Regardless of where you monitor your application’s health you can use tools such as Logstash, Splunk or the ElasticSearch Filebeat product to parse your application logs and transport them to a database.
You should also collect logs for analysis and searching. The two most popular tools for this today are the ELK (ElasticSearch, Logstash, Kibana) and Splunk products. You should collect and grok the various logs in /var/log/opscode
There are many graphing solutions available today. Likely the most popular is Grafana. The Influxdb TICK stack also comes with a visualization product. Kibana is a popular graphing front-end for the EL(K) stack.
Regardless of the solution you pick the most important thing is you pick one. It’s important to see historical trends and the leading indicators of issues in your Chef Server, and to be able to correlate that with changes in your infrastructure. This helps you create new alerts to catch issues before they become impacting in the future.
Monitoring & Alerting
You’ll want to use any one of the number of monitoring tools available today. Some of the free ones include Sensu, Zabbix and Nagios. One of the important considerations to make is what works in your environment - e.g., is there a firewall blocking SNMP traffic from your Chef Server infrastructure to your Nagios server? You may not want to plan to use Nagios with SNMP traps.
There are many people that cover monitoring, trending and alerting in blogs that are much more eloquent than we can place in a short knowledge base article - we’d encourage you to seek out and read those if this interests you. We think the most important things to consider when setting alerts are:
- Have two types of alerts
- One that does not wake people up, perhaps only sending an email, chat-bot notification, or kan-ban board item. Examples of these are:
- Far leading indicators that something ‘might’ be wrong
- Supporting systems that can wait until business hours to be fixed
- Anything else that is not SLA based or time sensitive
- One that does wake people up, sending a notification to your NOC or a system such as PagerDuty. Examples of these are:
- System down alerts
- Impending outage indicators that something is imminently wrong
- Anything that is tied to SLA’s or is imminently time sensitive
- Reduce white noise
- Do you have alerts that routinely don’t get actioned by your team? Kill them! If you don’t people will start becoming numb to alerts and lag on actioning them.
- Automate recovery where possible
- We are auto-maters and makers. Is there an issue that is always resolved by running a specific command? Why are you wasting a Human's time running that manually?
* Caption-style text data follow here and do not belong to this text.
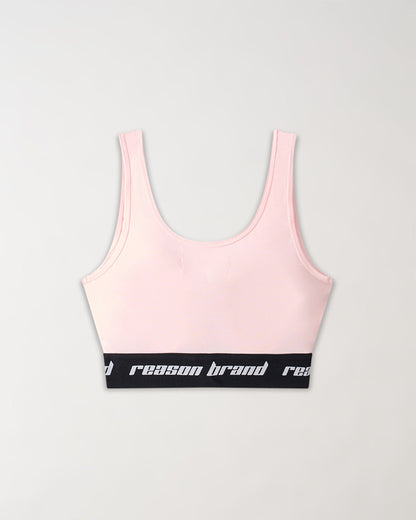 Blush Women's Sports Bra - Pink | Reason Clothing Signature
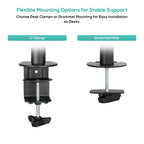 Mbeat activiva Dual-Screen Articulating Vertical Monitor Arm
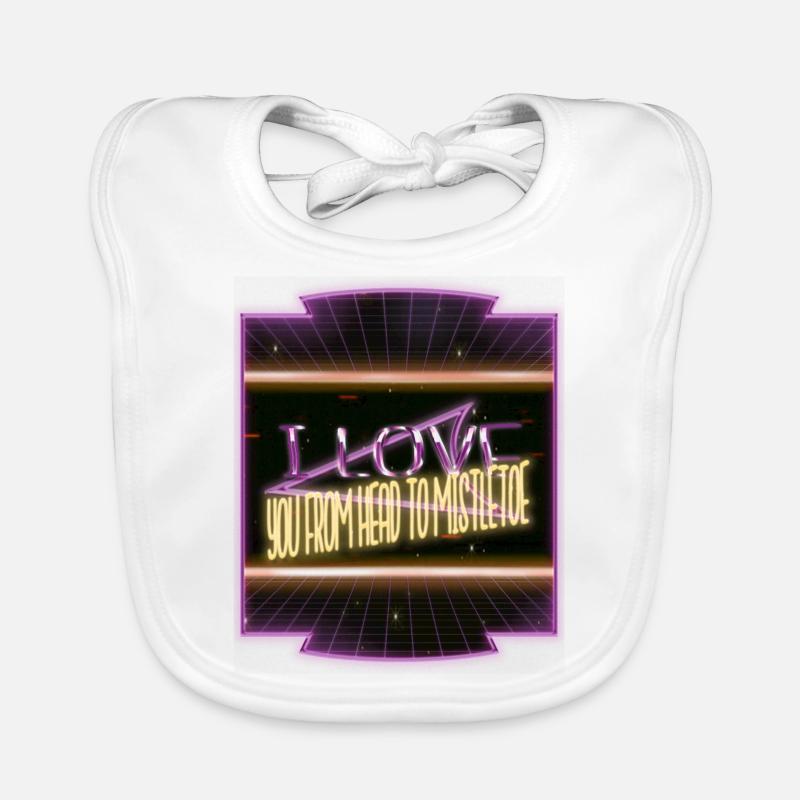 Sous l’arbre Beach Cadeau Comic Funny Gym Couples Bavoir bio Bébé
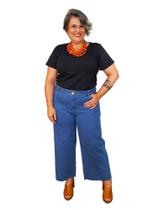 Calça Wide Attribute Jeans Plus Size Calça Wide Attribute Jeans Plus Size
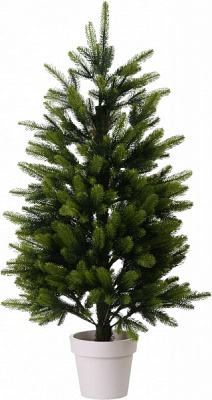 Штучна ялинкаЛапландська 1,1 м весняна в горщику зелений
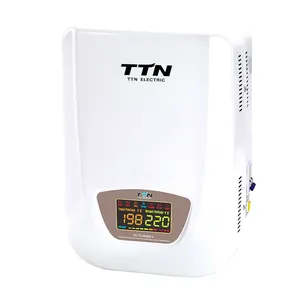 TTN 220v 4000w 5000w 5kva 10kva 5000 10000 watt Wall Mount SVC Servo Motor Control AC AVR automatic voltage regulator stabilizer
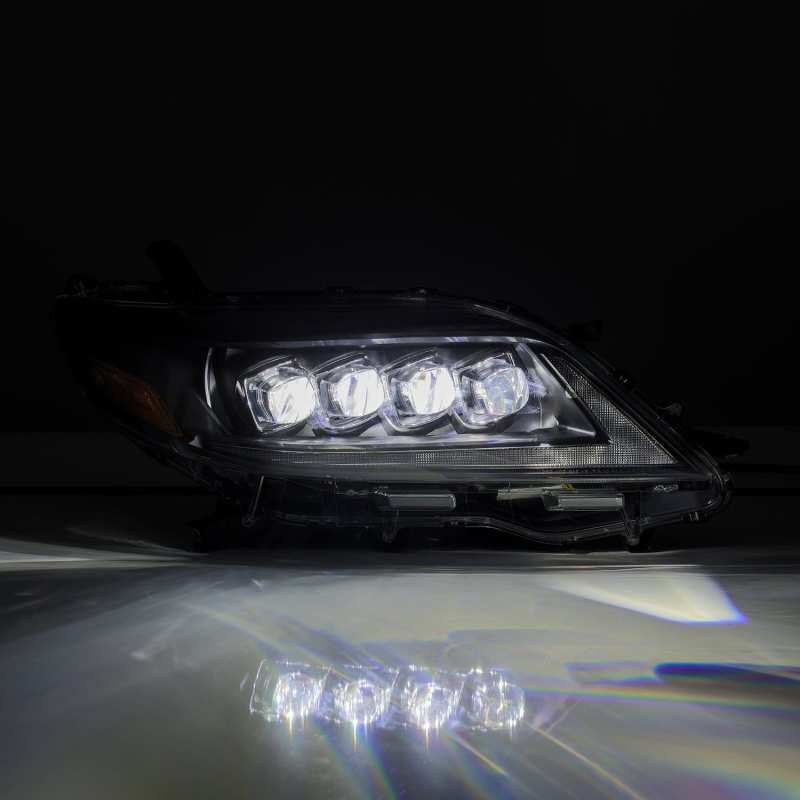 AlphaRex 2011+ Toyota Sienna NOVA LED Proj Headlights Plank Style Black w/Activ Light/Seq Signal/DRL - Striker Modified
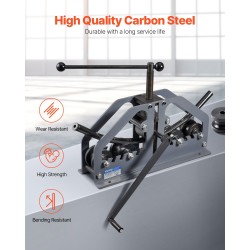 Putkentaivutin käsikäyttöinen hiiliteräs 6 muottia 1,5 tuuman teräs kupari alumiini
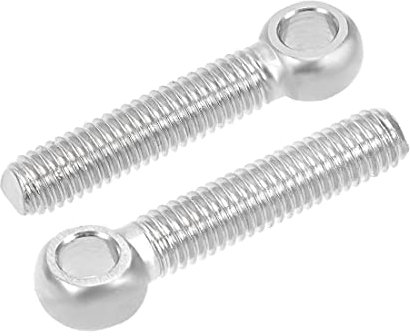 sourcing map 5 Stücke M5 x 25mm 304 Edelstahl Maschinen Schulter Linkes Auge Bolzen Rigg DE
With all this said it is a large endeavour that will take time and iterations. With anything in the DevOps landscape, start with a small goal and iterate. If you are a team with only access to the Chef logs and config on a machine, start with what you control in the Application space, then iterate and engage other teams at your company. If you have limited time but full access to your infrastructure, start with where you see the most value, then iterate to other areas.